Citigroup Consumer behavior has diverged as inflation in goods and services makes life more difficult for many Americans, CEO Jane Fraser said Monday.
Fraser, who heads one of the largest credit card issuers in the United States, said she sees a K-shaped consumer. This means that wealthy people continue to spend, while lower-income Americans are becoming more cautious with their consumption.
“A lot of the growth in spending in the last few quarters has happened with affluent customers,” Fraser told CNBC's Sarah Eisen in an interview.
“We're seeing a more cautious low-income consumer,” Fraser said. “They are feeling more pressure from the cost of living, which has been high and increasing for them. So, even though they have jobs, their debt service levels are higher than they were before.”
The stock market has hung on one question this year: When will the Fed start easing interest rates after a series of 11 hikes? Strong employment numbers and persistent inflation in some categories have complicated the picture, dampening expectations about when monetary easing will begin.
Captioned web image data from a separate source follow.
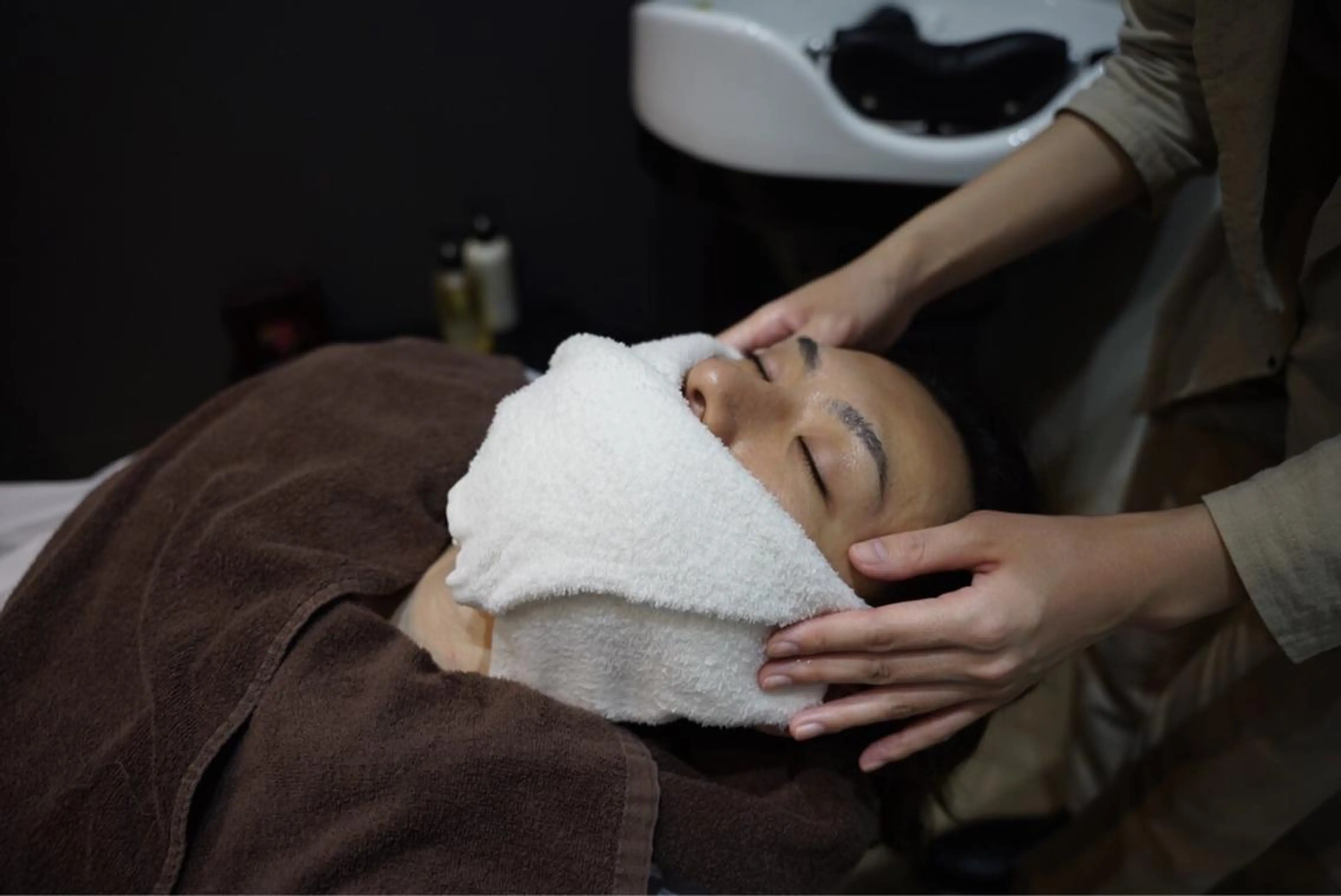 【メンズシェービング🧑🏻】クレンジング・小鼻洗浄・お顔剃り・（眉毛シェービング付き）・選べるパック仕上げの写真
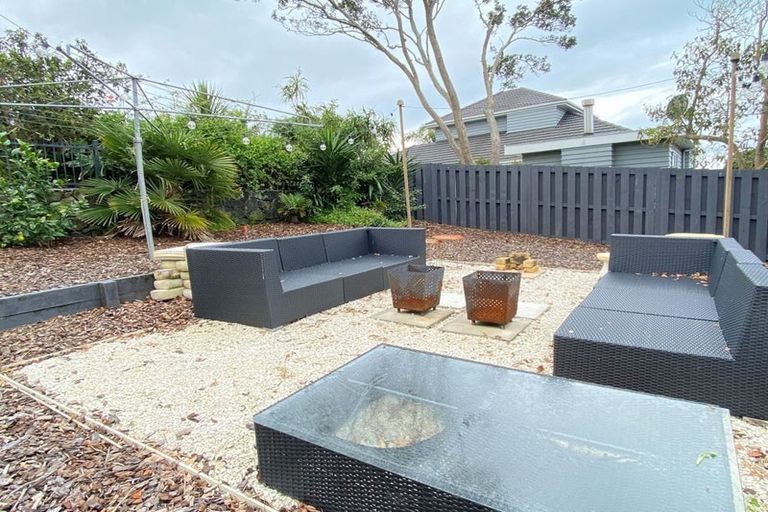 Photo of property in 12a Beach Road, Mellons Bay, Auckland, 2014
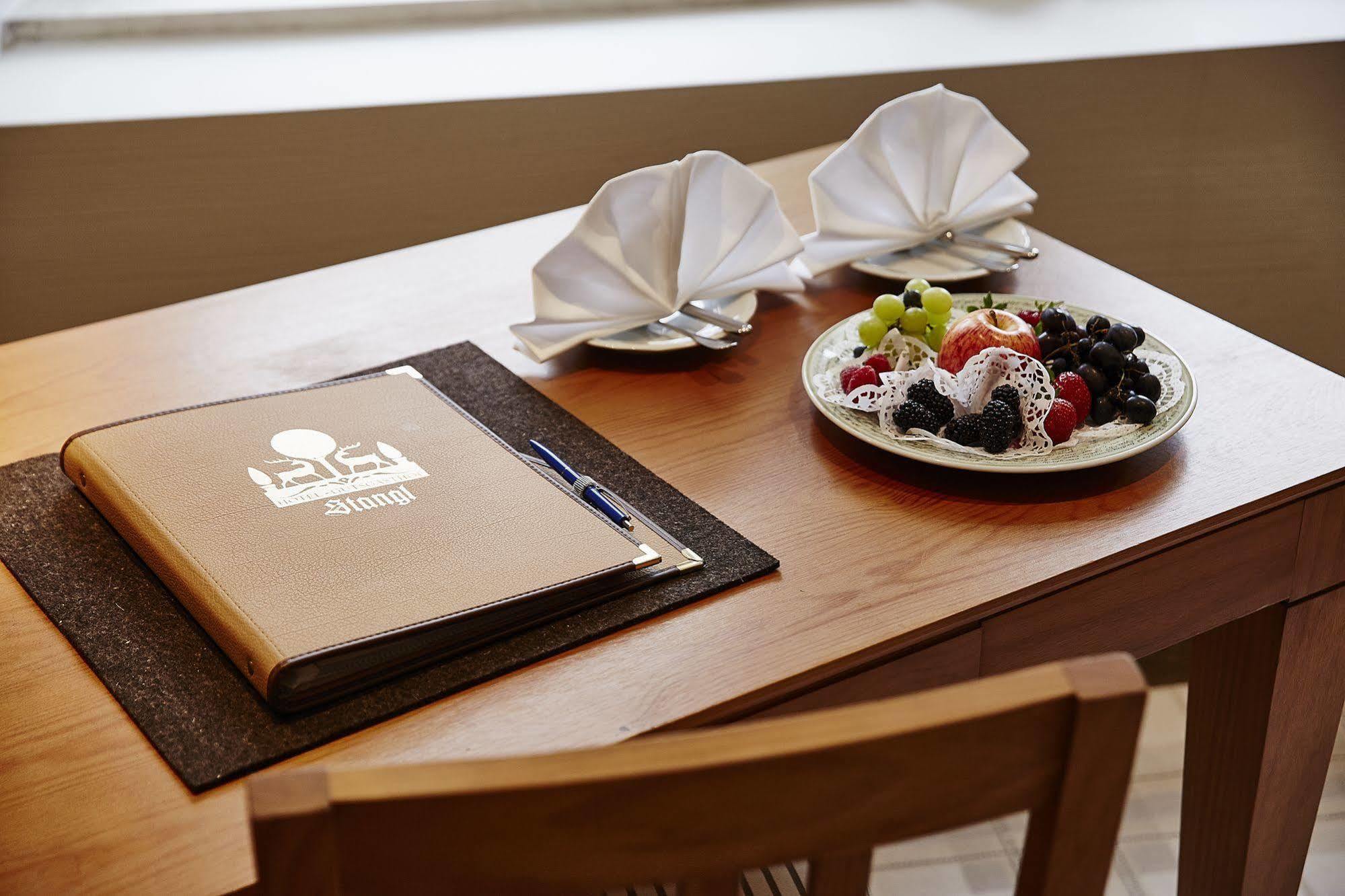 Hotel Gutsgasthof Stangl Vaterstetten Εξωτερικό φωτογραφία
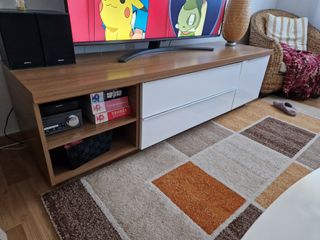 Mueble TV madera y blanco
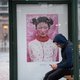 Met toegeknepen ogen op de foto: racistisch als het om een Chinees gaat?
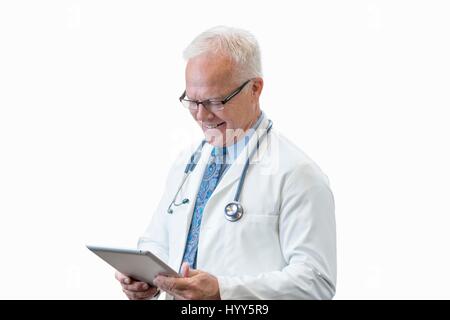 Männliche Oberärztin mit digital-Tablette, Studio gedreht. Stockfoto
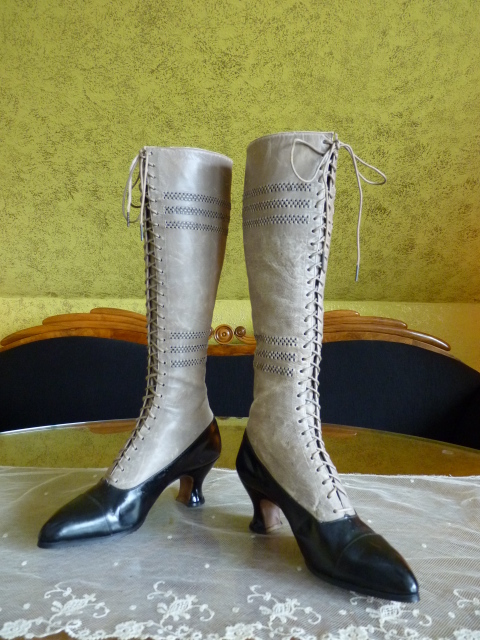 12 antique knee boots 1905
This means Americans will have to live with higher rates of credit card debt, auto loans and mortgages for longer.
“I think, like everyone here, we hope to see economic conditions that will allow interest rates to fall sooner rather than later,” Fraser said.
“It's hard to have a soft landing,” the CEO added, using a term for when higher interest rates lower inflation without triggering an economic recession. “We're optimistic, but it's always hard to get one.”